A zealous disciple of biodynamics, and specifically Masanobu Fukuoka, we walk amongst the sweet peas acting as “engrais vert” (green fertilizer) planted in between his vines. The plants won’t be plowed but simply rolled, and the resulting crushed plants will slowly release nitrates into the soil.

A brief question about soil composition leads to Valentin digging through the dirt to unearth a small boulder. We learned that the Trouillots slope, like much of this corner of the Jura, is on calcaire à gryphées (limestone with mollusk shells.) Gryphées are the gryphea, or “devil’s toenail” mollusk, that is typical of the Triassic and Jurassic periods.
The lesson continues at lunch and we delve into the prehistoric geology of the Jura. A friend and fellow Jurassic intellectual, Michel Campy, has released an in-depth tome of the soil types of the Jura: “Terroirs Viticoles du Jura” (so detailed that ‘Les Trouillots’ has its own page.)

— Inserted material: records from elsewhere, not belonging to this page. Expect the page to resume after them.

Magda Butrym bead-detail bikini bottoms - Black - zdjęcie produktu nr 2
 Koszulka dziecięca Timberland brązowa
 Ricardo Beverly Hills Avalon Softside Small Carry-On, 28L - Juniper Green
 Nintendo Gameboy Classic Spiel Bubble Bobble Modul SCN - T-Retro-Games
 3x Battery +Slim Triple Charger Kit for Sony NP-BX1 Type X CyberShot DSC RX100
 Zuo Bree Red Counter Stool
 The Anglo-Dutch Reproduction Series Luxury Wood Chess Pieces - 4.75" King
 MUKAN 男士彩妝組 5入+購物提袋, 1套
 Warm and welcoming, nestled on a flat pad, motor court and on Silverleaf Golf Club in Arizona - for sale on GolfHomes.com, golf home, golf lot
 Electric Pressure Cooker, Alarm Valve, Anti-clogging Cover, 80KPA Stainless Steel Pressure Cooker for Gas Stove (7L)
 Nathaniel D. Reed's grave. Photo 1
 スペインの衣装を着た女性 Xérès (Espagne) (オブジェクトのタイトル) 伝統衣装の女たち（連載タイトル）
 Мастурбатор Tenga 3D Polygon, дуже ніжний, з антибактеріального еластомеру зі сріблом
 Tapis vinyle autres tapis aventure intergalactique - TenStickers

Geology lesson over, we tasted through the red 2018s and white 2017s in the cellar. As is typical in the Jura, the whites are aged longer than the reds. All of his wines are straight to the point, slightly tense and vibrant, much like Valentin himself. This year, he’s added another feather to his cap, vinifying a “Poulsard Blanc,” a direct press Poulsard that Valentin had always wanted to make when he had an adequate Poulsard harvest.

After the tasting we found what was missing from 99.99% of French wine tasting visits: a good coffee. Valentin’s friend, a Belgian former coffee importer, has set up a coffee roaster in a shed on the outskirts of Poligny and just next to Valentin’s cellar. A perfect, fresh-roasted coffee in a shack in wine country? In Poligny, anything is possible.